ETL_PROCESS.sh "$file"
# The script should abort here if ETL_PROCESS.sh failed...
# Record the last file processed.
printf "%s\n" "$file" > "$lastfile"
done
)
But, if someone edits the last file processed in this directory after more files are added, this script (and the original script) will ignore the new files added after the last time the script ran until the time the file was edited. If that is a concern, the following may be a safer approach:
#!/bin/ksh
processed="$HOME/processed.txt"
# If the list of already processed files does not exist, create an empty list.
if [ ! -f "$processed" ]
then touch "$processed"
fi
ls -rt | grep -vF -f "$processed" | while read -r file
# Process all files newer that haven't already been processed...
do # Process newer files in order from oldest to newest...
ETL_PROCESS.sh "$file"
# This script should skip the next step if ETL_PROCESS.sh failed.
# Add current file to the list of processed files.
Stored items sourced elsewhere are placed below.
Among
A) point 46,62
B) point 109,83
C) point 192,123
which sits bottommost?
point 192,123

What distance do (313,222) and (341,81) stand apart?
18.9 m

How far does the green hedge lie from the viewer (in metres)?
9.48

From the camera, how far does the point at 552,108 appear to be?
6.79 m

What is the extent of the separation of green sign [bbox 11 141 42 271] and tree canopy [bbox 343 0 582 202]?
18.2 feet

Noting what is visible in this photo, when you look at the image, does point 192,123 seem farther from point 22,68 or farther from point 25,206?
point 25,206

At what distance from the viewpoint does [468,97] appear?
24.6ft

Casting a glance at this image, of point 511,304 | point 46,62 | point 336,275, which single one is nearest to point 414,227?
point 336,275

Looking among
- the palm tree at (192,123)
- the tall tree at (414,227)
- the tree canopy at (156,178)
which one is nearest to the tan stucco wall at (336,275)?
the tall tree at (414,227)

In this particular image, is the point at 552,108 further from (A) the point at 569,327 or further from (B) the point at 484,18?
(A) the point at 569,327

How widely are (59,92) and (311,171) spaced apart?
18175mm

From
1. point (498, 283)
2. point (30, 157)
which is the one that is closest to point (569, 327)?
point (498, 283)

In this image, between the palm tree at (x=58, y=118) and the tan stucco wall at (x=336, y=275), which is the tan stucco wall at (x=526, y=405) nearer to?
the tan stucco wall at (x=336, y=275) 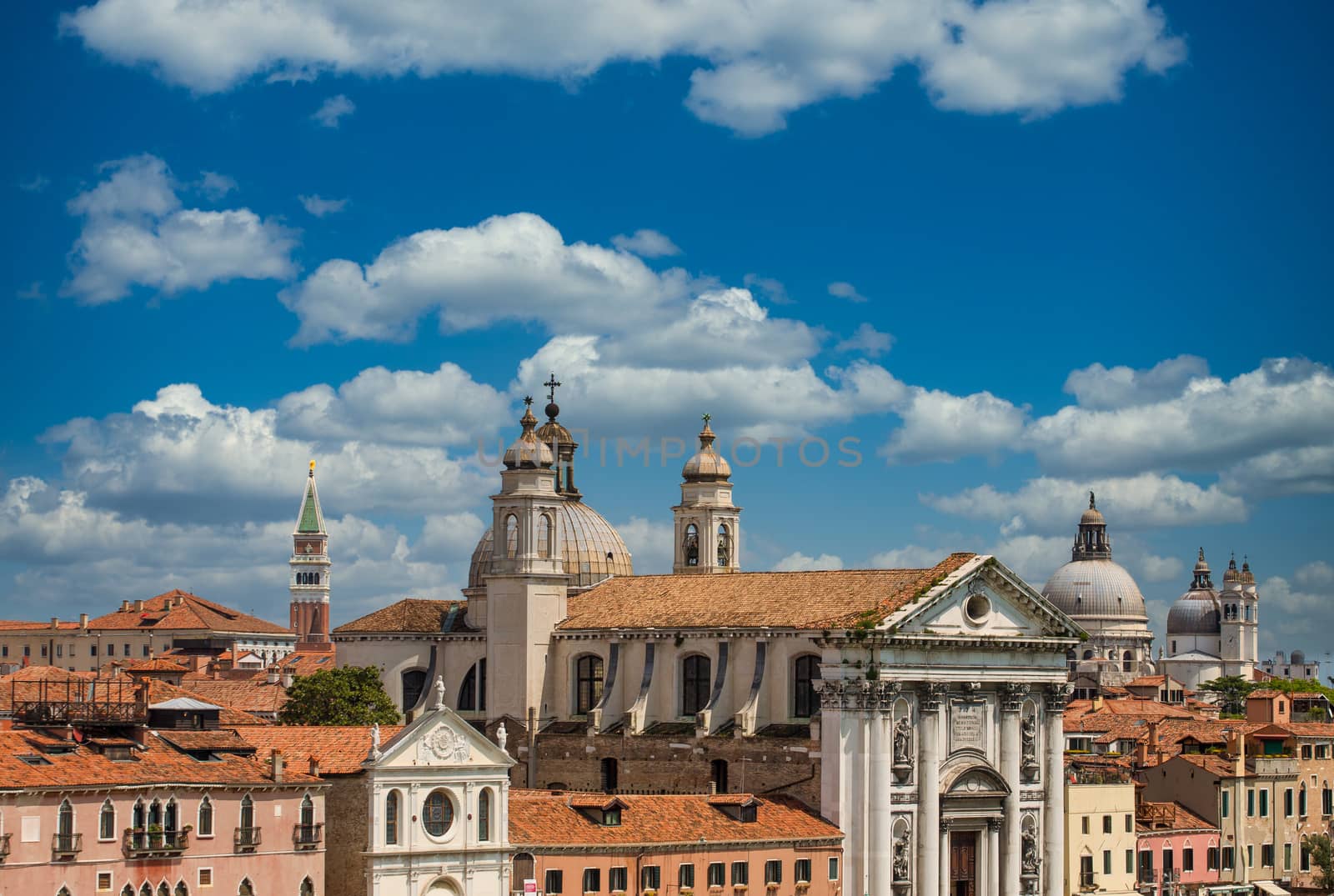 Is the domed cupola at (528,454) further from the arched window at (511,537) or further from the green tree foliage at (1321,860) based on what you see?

printf "%s\n" "$file" >> "$processed"
done
It keeps a list of files processed and skips any file in that list when the script is run again later. It doesn't care about timestamps other than the fact that it will hand ETL_PROCESS.sh unprocessed files in order from the oldest to the newest.
Note, however, that this script can fail if a filename in the directory containing files to be processed can contain a file name that is a substring of another file's name. You haven't given us any indication of how files are named, so if this is a concern the grep command in the pipeline in this script would have to be adjusted to account for the actual filenames you'll be using. And, of course, the list of processed files should be edited to remove old files when they are removed from the directory.
Assuming that ETL_PROCESS.sh provides some indication that it successfully processed a file, all of these scripts should verify that a file was processed successfully before continuing with later files. The first two scripts should exit and not process any newer files until the problem is fixed or some files may never be processed. The last script above only needs to avoid adding the failed file to the list of processed files (unless ETL_PROCESS.sh has to process input files in the order in which they were received).
Both of these scripts were written and tested using ksh, but there is nothing here that is ksh specific as long as you're using a shell that recognizes basic POSIX shell syntax requirements (such as bash and ksh).
Hope this helps...